What is regulatory risk and what does a regulatory risk professional do?

The regulatory landscape is complex and evolving. Regulatory risk is the risk that changes in laws or regulations will materially impact an industry or business. Such changes can increase the cost of running a business, reduce the attractiveness of an investment or change the competitive landscape.

Regulatory risk professionals help organisations to mitigate these risks by working closely with regulators and building expertise in the specific regulatory environment in which they operate. They follow sector developments to allow them to anticipate changes and use their knowledge to develop risk management frameworks, enhance compliance programmes and implement effective governance.

Key responsibilities

Responsibilities will vary, but examples include:

  • Managing known and emerging regulatory risks.
  • Designing and implementing risk and control assessments.
  • Maintaining weekly management control dashboards and regulatory reporting to ensure identification and visibility of key trends and emerging risks.
  • Assessing the impact of regulatory developments and assisting in implementation of new policies, procedures and controls as required
  • Updating senior management, head of compliance and other risk management functions about strategic changes and regulatory developments.
  • Identifying and resolving any gaps against regulatory rules.
  • Establishing and updating a calendar of regulatory, internal audit, compliance, and other reviews and identifying overlaps or gaps.
  • Leading the regulatory exam process through the documentation of potential issues and risks identified during reviews.
  • Training relevant staff on regulatory requirements and upcoming changes.

Why are they important?

Following the financial crisis, the regulatory environment has become more complex, with supervision and enforcement being more intensive and intrusive. Regulatory risk managers ensure organisations are able to respond to changes in regulation effectively.

Skills needed for this role

Regulatory risk managers are required to have a strong attention to detail and should be able to work independently, with minimum supervision or guidance.
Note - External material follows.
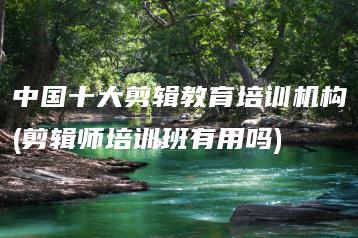 中国十大剪辑教育培训机构(剪辑师培训班有用吗) | ae插件合集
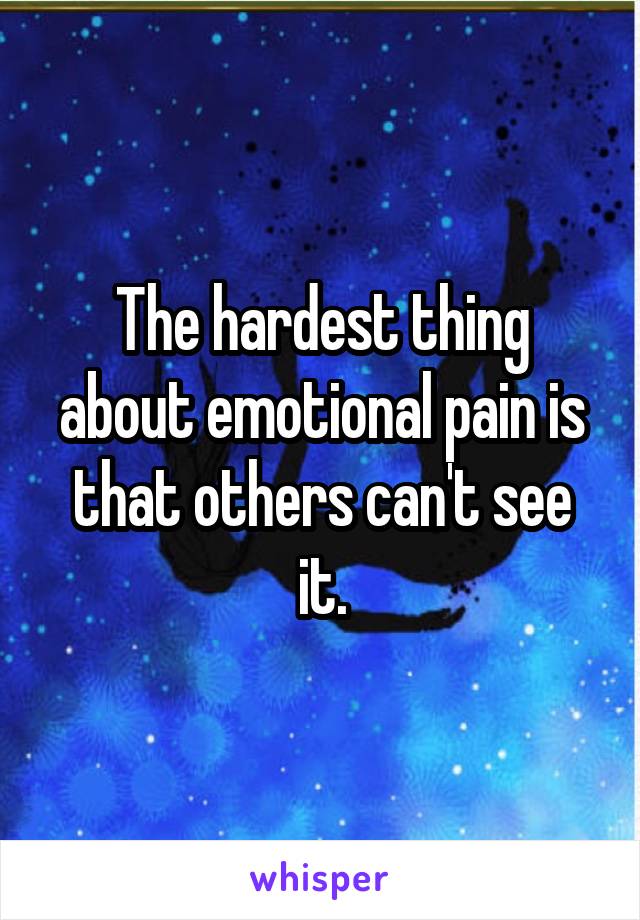 The hardest thing about emotional pain is that others can't see it.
Strong written and verbal communication and presentation skills are also essential, as is the ability to influence key stakeholders. They must also be highly organised with excellent prioritisation and time management skills.

Strategic Professional Options examinations linked t this role

Advanced Audit and Assurance

Career opportunities presented by this role

Regulatory risk management can be a critical role in highly regulated sectors such as financial services or aviation. In these environments, changes to regulations can have a material impact on commercial performance and, as a result, individuals with specialist regulatory knowledge are in high demand. Staff in this field can be promoted to senior manager level, or by becoming more generalist in approach, can achieve board level positions such as chief risk officer.


High level competencies required include:

  • Advisory and consultancy

    A. Gathers and understands financial and non-financial information to develop complete knowledge of the client business and the environment in which it operates.

    B. Provides expert advice that will add value to the business and gain advantage.

    C. Identify and advise on business partnering to develop strategic relationships to create opportunities, improve performance and solve business problems.

    D. Prepare and present business plans and advise on the actions to implement these plans.


  • Audit and assurance

    A. Advises on and communicates effectively the role and scope of audit and assurance engagements to relevant stakeholders.

    B. Applies regulatory, legal, professional and ethical standards relating to audit and assurance engagements.

    C. Plans and prepares for audit and assurance engagements.

    D. Performs effective audit, and assurance engagements.

    E. Reviews and reports on the findings of audit and assurance engagements.

    F. Guiding efficient and effective operations.


  • Governance, risk and control

    A. Evaluates organisational structures and governance to protect the long-term interests of stakeholders.

    B. Recommends appropriate strategies to ensure adherence to governance structures and application of best practice internal controls.

    C. Identifies and manages risk appropriately.

    D. Uses risk management for the best interests of an organisation and its stakeholders.

    E. Monitors and applies relevant legislation, policies and procedures.